__WHAT THE EXERCISE ASKS__. Copy out every line of the data exactly; do not include the images.

__INFORMATION SHOWN__.
____

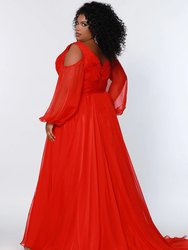Lancer Evening Gown Dress - Coral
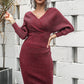 Dolman Sleeve Rib-Knit Top and Skirt Set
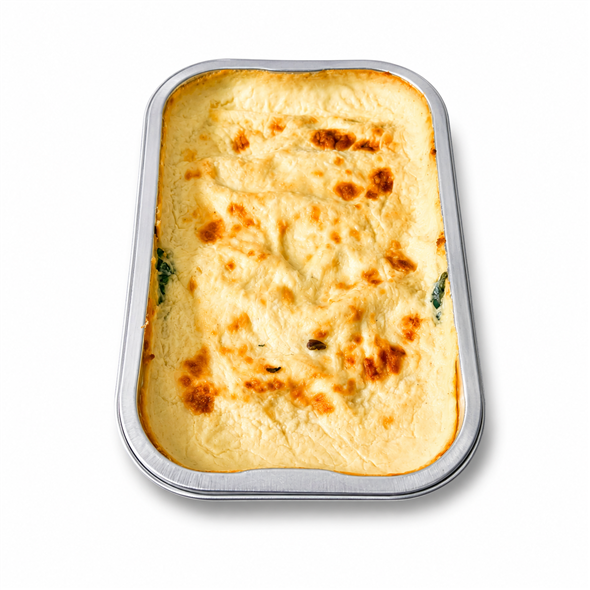 Cannelloni med spinat, bechamel og parmesan.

____

__EXERCISE RESPONSE__.
Lancer Evening Gown Dress - Coral
 Dolman Sleeve Rib-Knit Top and Skirt Set
 Cannelloni med spinat, bechamel og parmesan.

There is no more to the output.